At the time, his competitors in the brick-and-mortar world didn’t see the scrappy new startup as much of a threat. “I don’t think you’ll ever be able to substitute coming in and looking through the book that you want,” Kristin Kennell, the night manager of Elliott Bay Book Company, told the Seattle Times. And why shouldn’t she scoff? Elliott Bay was the biggest bookstore in Seattle and a local landmark. It had built up decades of customer loyalty. (Remember customer loyalty?) And yet less than three years after the Seattle Times piece, Elliott Bay’s owner, Walter Carr, sold the bookstore. In an interview with the same newspaper in 1999, he said he had been stripped of the joys of entrepreneurship. Changes in the book business “have been personally defeating to me,” he admitted.
Amazon is the 11th largest retailer in the United States, according to the National Retail Federation. Its U.S. sales grew by an astounding 30 percent last year, and at the rate of current growth, it could outpace Walmart to become the largest retailer by the end of the decade. It is acquiring competitors at a frantic pace. It gobbled up the New Jersey-based Quidsi Inc., owner of Diapers.com, Wag.com, YoYo.com and Soap.com. It owns Woot Inc., Bop LLC, and the shoe-selling giant Zappos IP Inc. Even if you’re not shopping online with Amazon, there’s a good chance you’re shopping online with Amazon.
Does it matter? Not everyone thinks it does, even among those who have the biggest reason to curse Amazon’s existence. “I roll my eyes when I read articles about how Amazon is taking over everything,” Michael Powell, owner of the storied Powell’s Books in Portland, Ore., said. “We’re doing fine.”
One German manufacturer, who is seeking a deal to sell his products on Amazon, scoffed at the notion that Amazon could one day be the last online retailer standing. It’s an implausible scenario, he said, from a “country far, far away.” That same manufacturer asked not to be named in this article for fear of portraying Amazon in a negative light. “If not necessary I would not wake a sleeping dog,” the manufacturer said.
Every year in his annual report to shareholders, Bezos attaches his original shareholder letter from 1997, the year Amazon first went public. Then, as now, Amazon’s founder was fond of saying that we're still in “Day One” of the Internet, and it’s hard to argue that we’re not. But for those companies struggling to compete with this new kind of superstore, Day One feels like the End of Days. They, too, see “the future,” the one that Bezos has blamed for killing them off. They see a world where storefronts are obsolete and economies are stimulated not by local merchants with a personal stake in where they do business but by a select few online players. It can be a depressing prospect if you care about things like civic engagement, livability and social capital, all of which tend to decline with the disappearance of local businesses.

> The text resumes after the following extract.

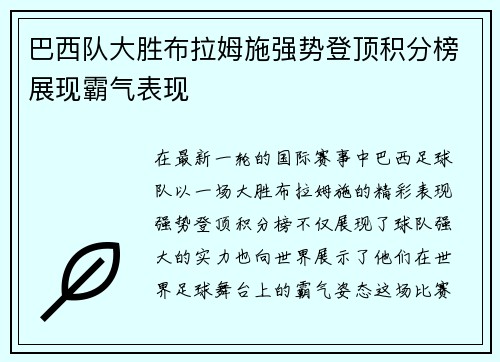 巴西队大胜布拉姆施强势登顶积分榜展现霸气表现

At the Institute for Local Self-Reliance, an optimistic Mitchell insists that accepting the inevitability of digital commerce doesn’t have to amount to a Faustian bargain. “It shouldn’t be a dichotomy between online shopping and all these other values,” she said. “It’s possible to be able to have a world where you can take advantage of the convenience of online shopping and still have a healthy local business community. That’s a huge thing that’s at stake in the future.”